6. Marx, K. "O Dezoito Brumário de Luís Bonaparte" in "Werke", Berlim, Dietz Verlag, 1960. Demais referências a Marx são da mesma edição.
7. Hegel, "L.E.", tomo 15, volume 3, pág. 89.
8. Cf. E. Auerbach, "O Músico Miller", in "Mimesis", Nova York, Doubleday, 1957.
9. Hegel, "L.E.", tomo 15, volume 3, pág. 519.
10. Hegel, "Fundamentos da Filosofia do Direito" (abreviados "F.F.D."), tomo 7, pág. 25.
11. Hegel, "F.F.D.", tomo 7, pág. 26.
12. Para uma leitura inversa, cf. P.E. Arantes, "Hegel - a Ordem do Tempo", SP, Polis, 1981, págs. 241 e seguintes.

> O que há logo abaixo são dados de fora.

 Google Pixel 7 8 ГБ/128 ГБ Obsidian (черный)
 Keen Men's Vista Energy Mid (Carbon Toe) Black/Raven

13. Hegel, "F.F.D.", tomo 7, pág. 28.
14. "Rhodos", ilha de Rodes, e "rhodon", rosa; "salta", imperativo de "saltare", dançar. Cf. a edição de R. Derathé dos "Principes de la Philosophie du Droit", Paris, Vrin, 1975, pág. 57, nota 18, apud T. Knox, "Hegel's Philosophy of Right".
15. Cf. R. Jakobson e K. Pomorska, "Diálogos", tradução de E.A. Kossovitch, B. Schnaiderman, L. Kossovitch e H. de Campos, SP, Cultrix, 1980, págs. 132-134.